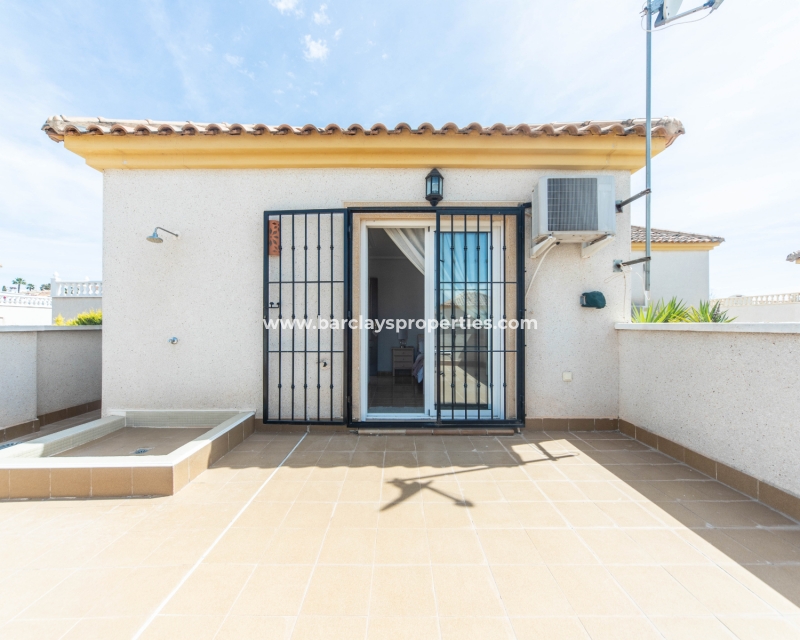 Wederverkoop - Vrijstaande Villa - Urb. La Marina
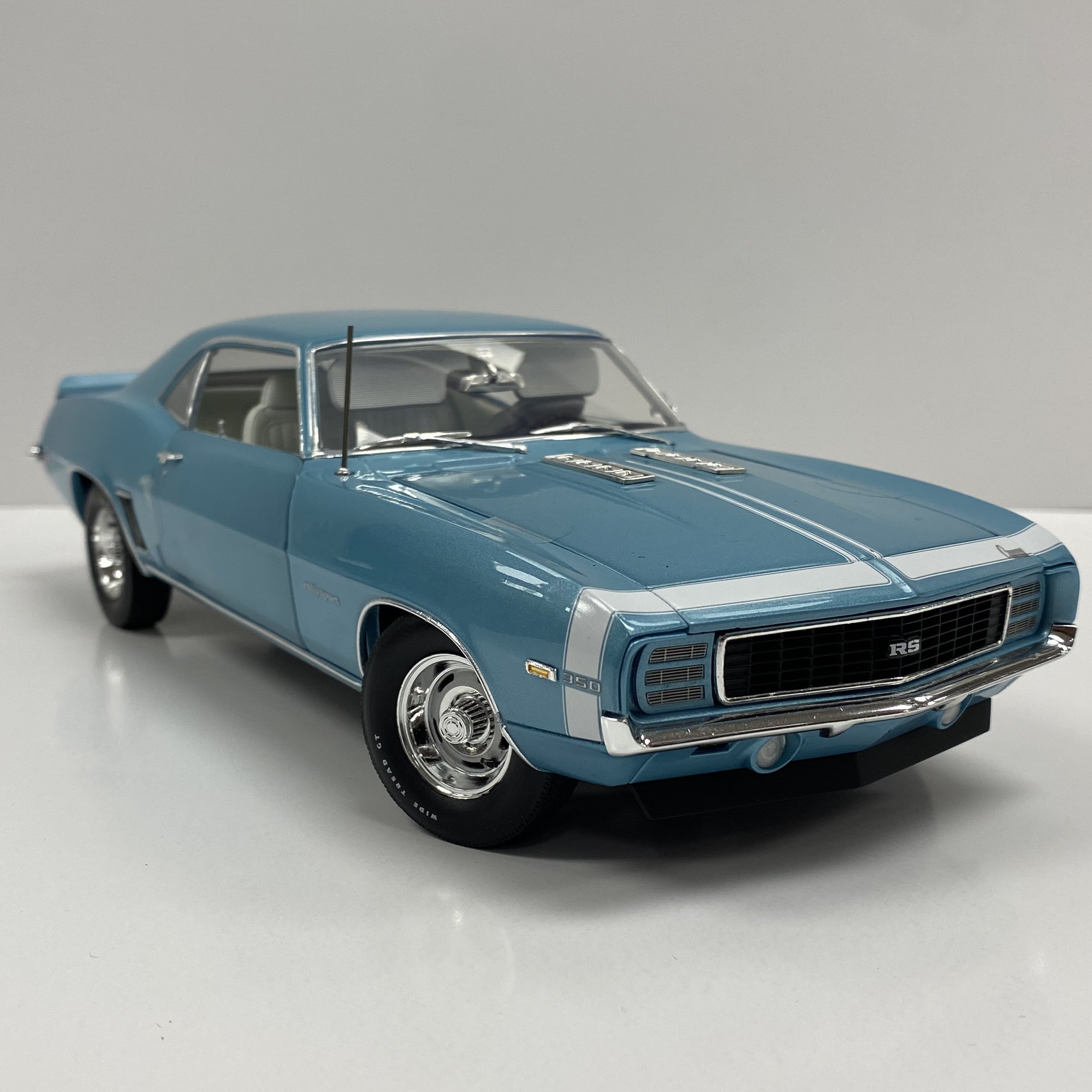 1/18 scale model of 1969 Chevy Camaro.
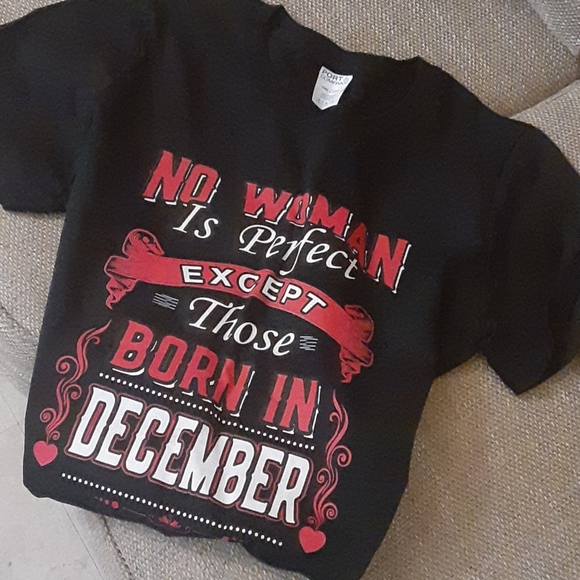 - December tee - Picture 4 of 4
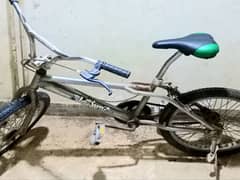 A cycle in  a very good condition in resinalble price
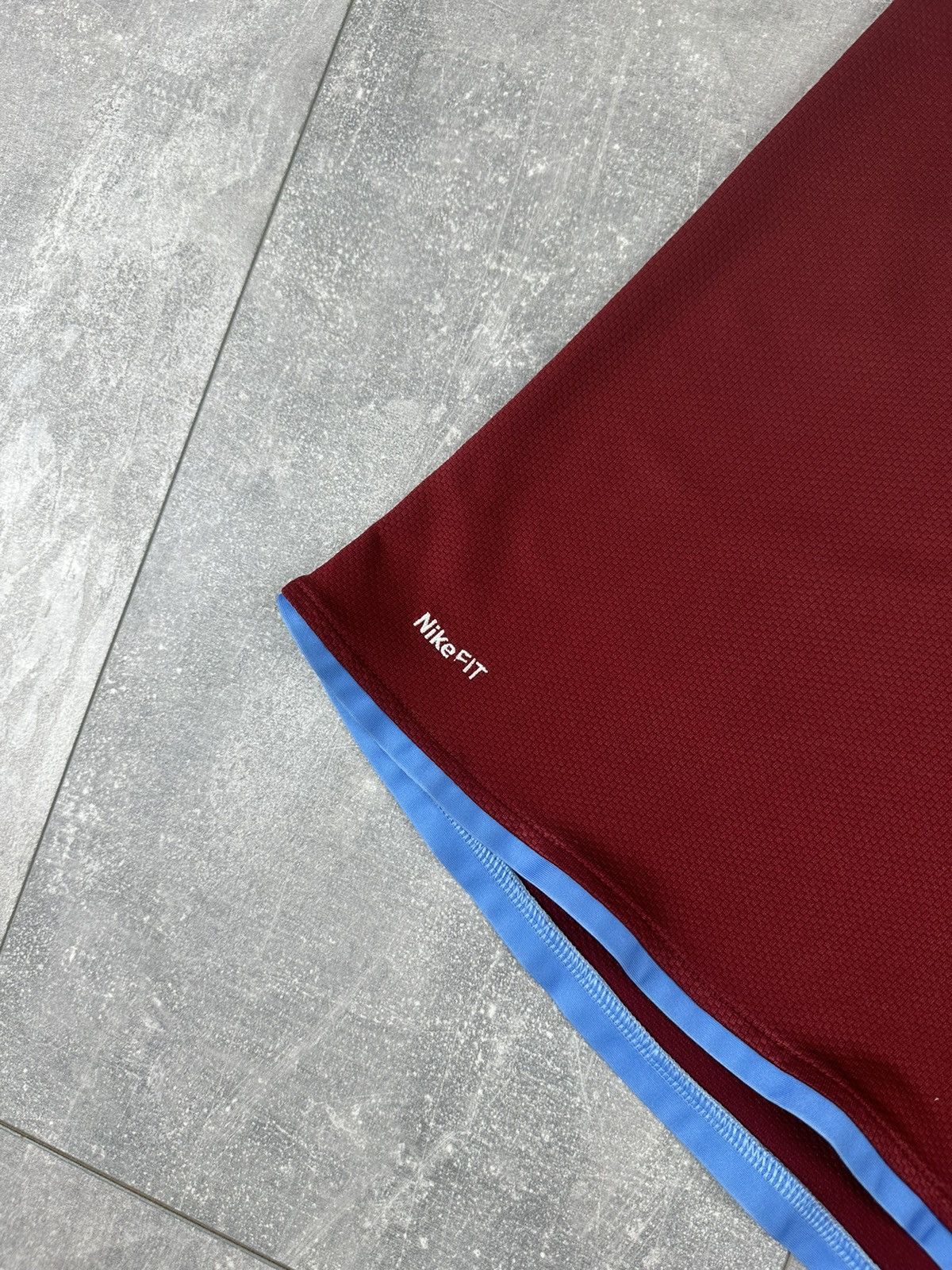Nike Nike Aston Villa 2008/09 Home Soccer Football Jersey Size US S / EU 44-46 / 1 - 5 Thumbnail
-=-=-=-=-
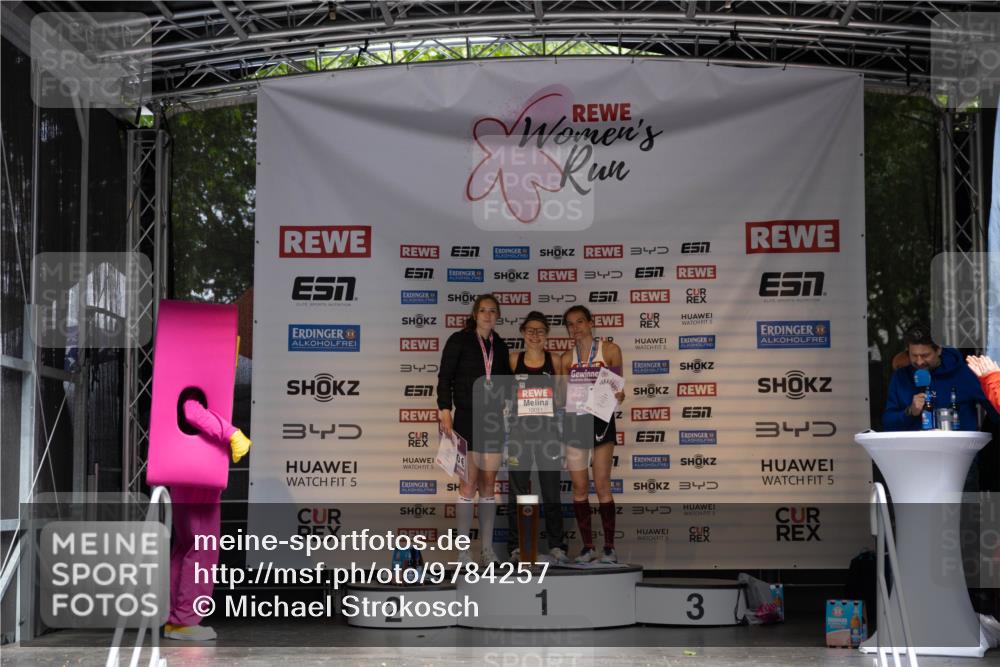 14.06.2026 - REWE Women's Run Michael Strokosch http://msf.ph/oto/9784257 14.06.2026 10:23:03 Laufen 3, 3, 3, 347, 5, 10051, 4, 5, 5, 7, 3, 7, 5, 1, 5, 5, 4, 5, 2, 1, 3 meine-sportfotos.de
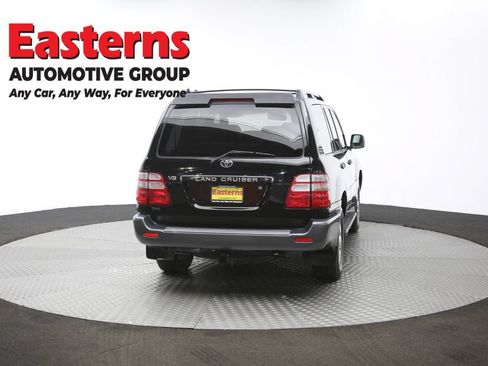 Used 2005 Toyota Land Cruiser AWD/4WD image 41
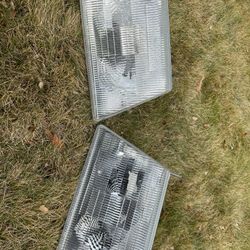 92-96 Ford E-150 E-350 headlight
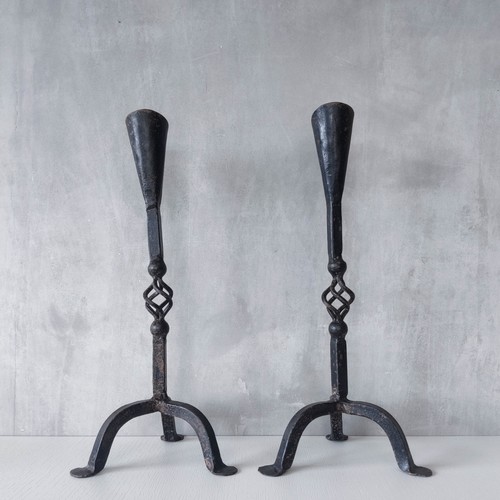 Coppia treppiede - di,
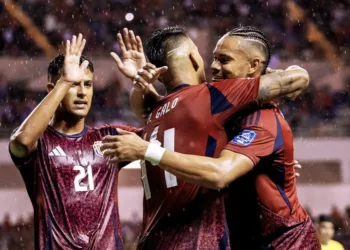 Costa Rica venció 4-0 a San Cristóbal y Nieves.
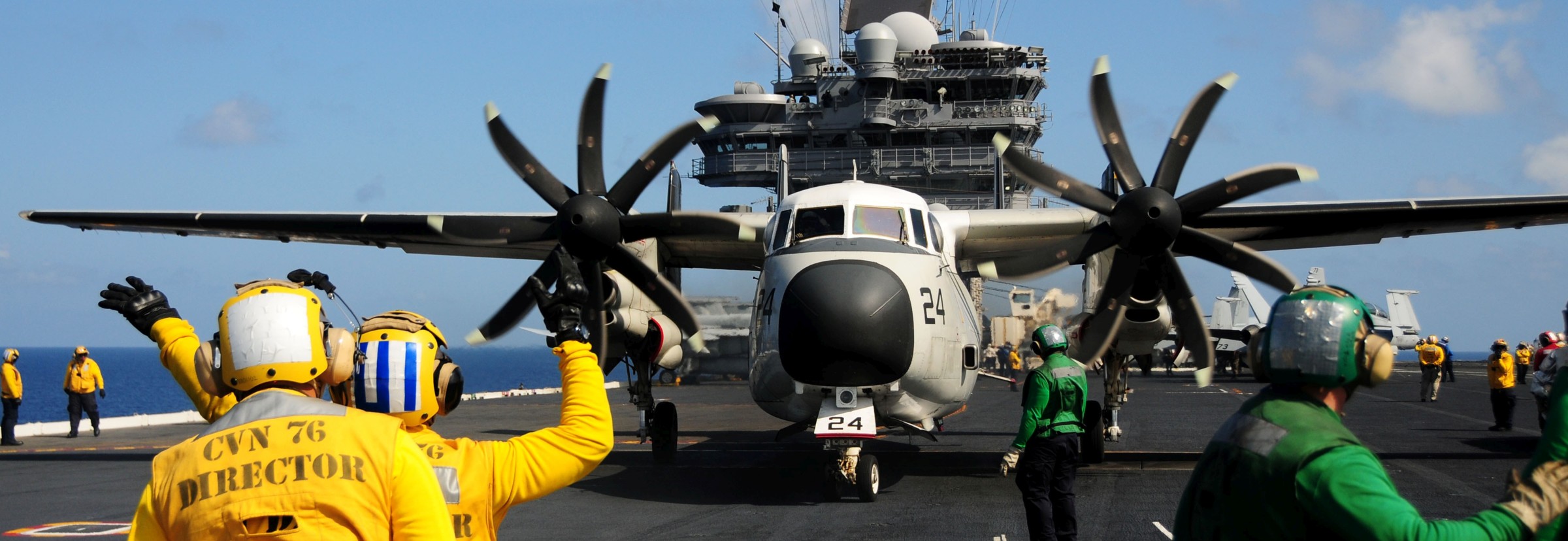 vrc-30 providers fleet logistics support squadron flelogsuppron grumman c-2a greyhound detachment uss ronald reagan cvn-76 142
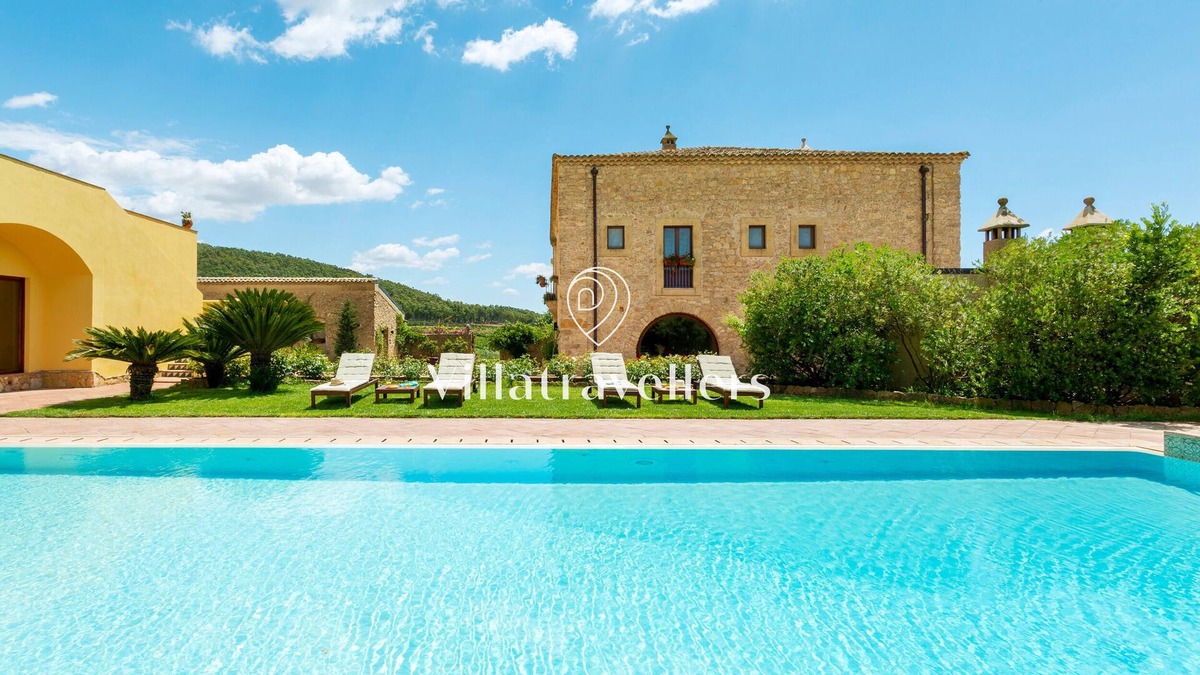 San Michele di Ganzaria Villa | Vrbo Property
-=-=-=-=-
Exercise prompt
Restate word for word the lines of the data above that begin at the line with "in resinalble price" and end at the line with "Nike Nike Aston", keeping both ends and dropping every picture.

Result
 A cycle in  a very good condition in resinalble price
Nike Nike Aston Villa 2008/09 Home Soccer Football Jersey Size US S / EU 44-46 / 1 - 5 Thumbnail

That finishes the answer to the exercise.